**** DATASET

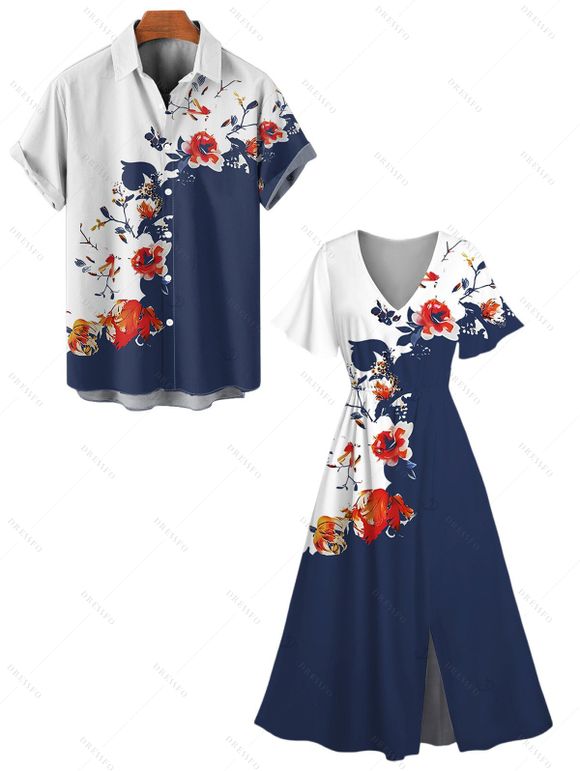Vacation Couple Outfit Floral Tree Branches Pattern Colorblock Slit Half Flare Sleeve Dress and Button Up Shirt Casual Matching Outfit - Bleu de Minuit S | US 4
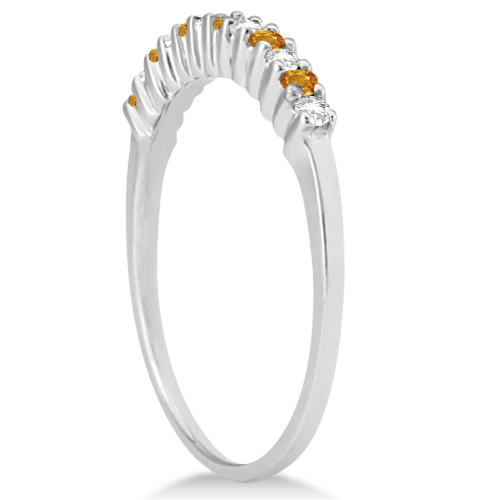 Petite Diamond & Citrine Wedding Band Platinum (0.20ct)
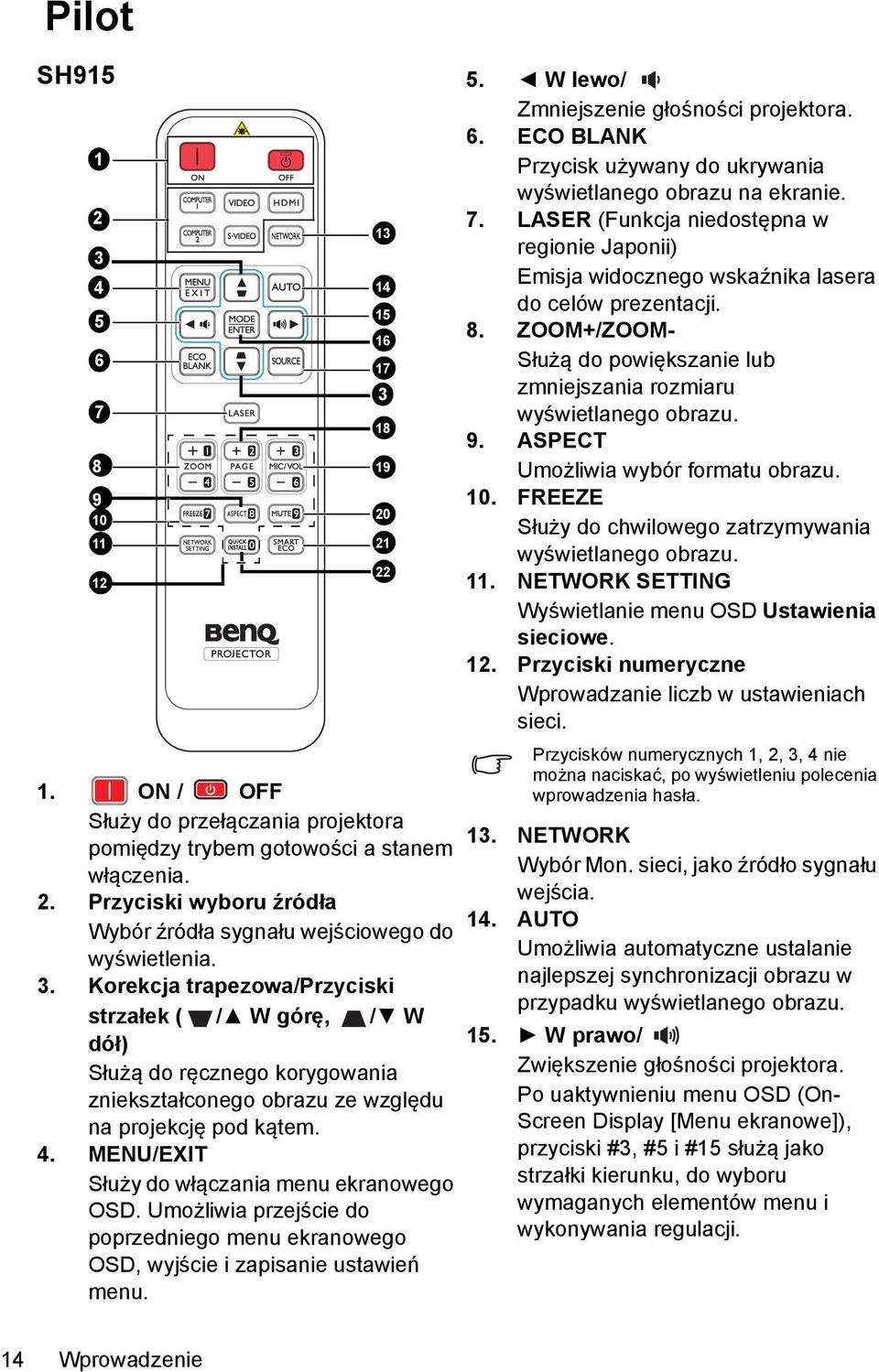 MENU/EXIT Służy do włączania menu ekranowego OSD. Umożliwia przejście do poprzedniego menu ekranowego OSD, wyjście i zapisanie ustawień menu. 13 14 18 19 20 21 22 5.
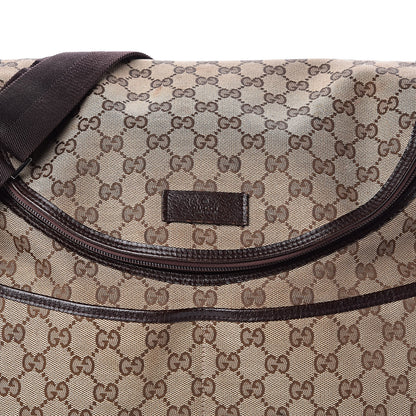 Gucci Monogram Natural Pigskin Large Diaper Bag Beige Ebony Cocoa Dark Chocolate 12 of 12
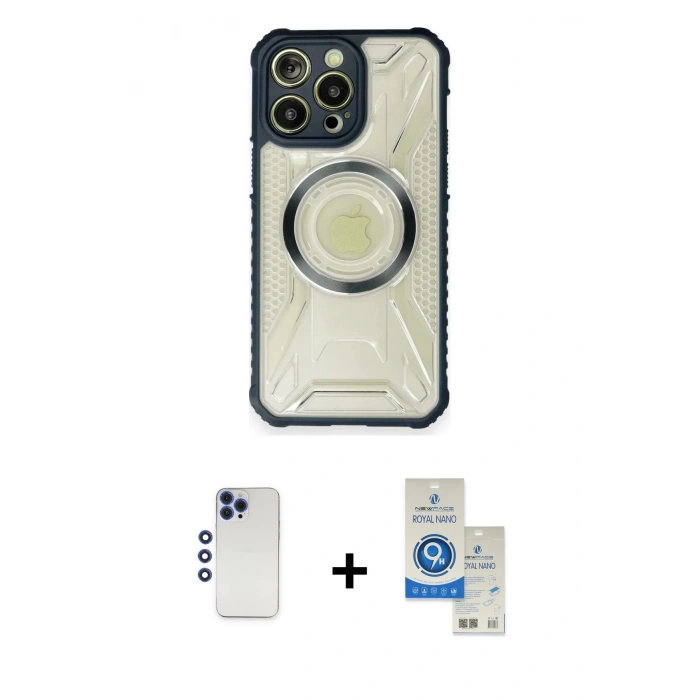 MARSİLYAN™- iPhone 12 Pro Max Kılıf Kutup Modern - Şeffaf Royal Nano Ekran Koruyucu + Shine Kamera Lens - LT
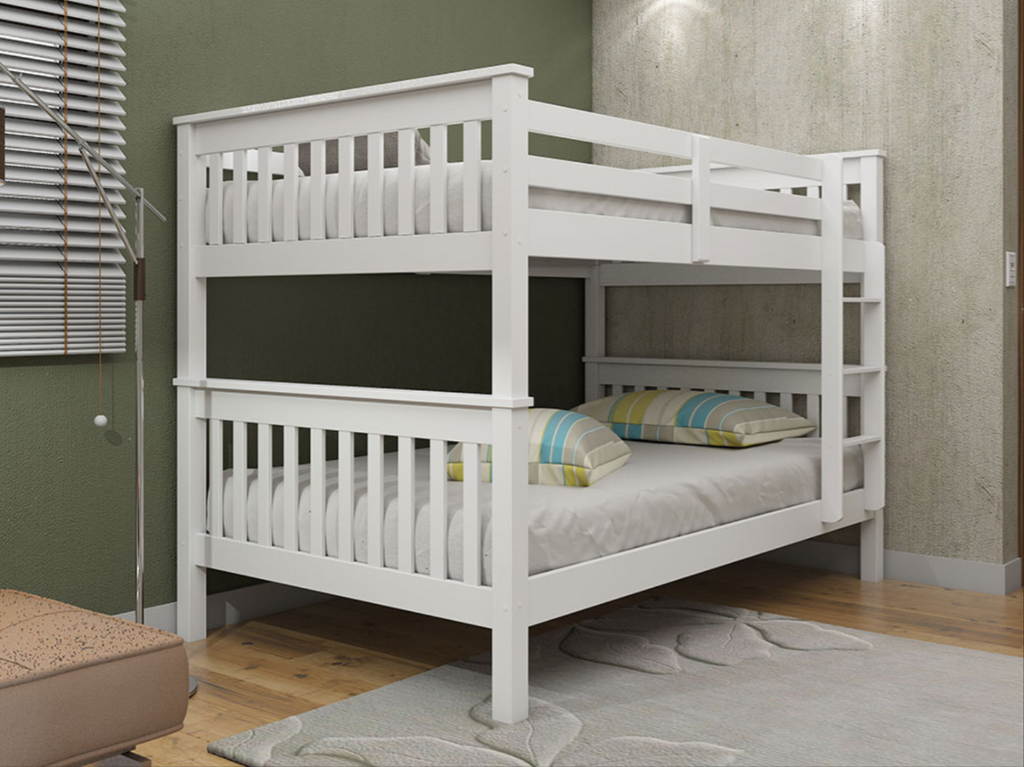 White wooden bunk bed in a room with a green wall and wooden floor.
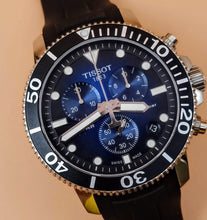Load image into Gallery viewer, Tissot Seastar 1000 Chronograph Blue Dial Black Rubber Strap Watch For Men - T120.417.17.041.00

********

Except for the pictures, please retype the listing above exactly.

__REPLY__.
Vacation Couple Outfit Floral Tree Branches Pattern Colorblock Slit Half Flare Sleeve Dress and Button Up Shirt Casual Matching Outfit - Bleu de Minuit S | US 4
 Petite Diamond & Citrine Wedding Band Platinum (0.20ct)
 MENU/EXIT Służy do włączania menu ekranowego OSD. Umożliwia przejście do poprzedniego menu ekranowego OSD, wyjście i zapisanie ustawień menu. 13 14 18 19 20 21 22 5.
 Gucci Monogram Natural Pigskin Large Diaper Bag Beige Ebony Cocoa Dark Chocolate 12 of 12
 MARSİLYAN™- iPhone 12 Pro Max Kılıf Kutup Modern - Şeffaf Royal Nano Ekran Koruyucu + Shine Kamera Lens - LT
 White wooden bunk bed in a room with a green wall and wooden floor.
Load image into Gallery viewer, Tissot Seastar 1000 Chronograph Blue Dial Black Rubber Strap Watch For Men - T120.417.17.041.00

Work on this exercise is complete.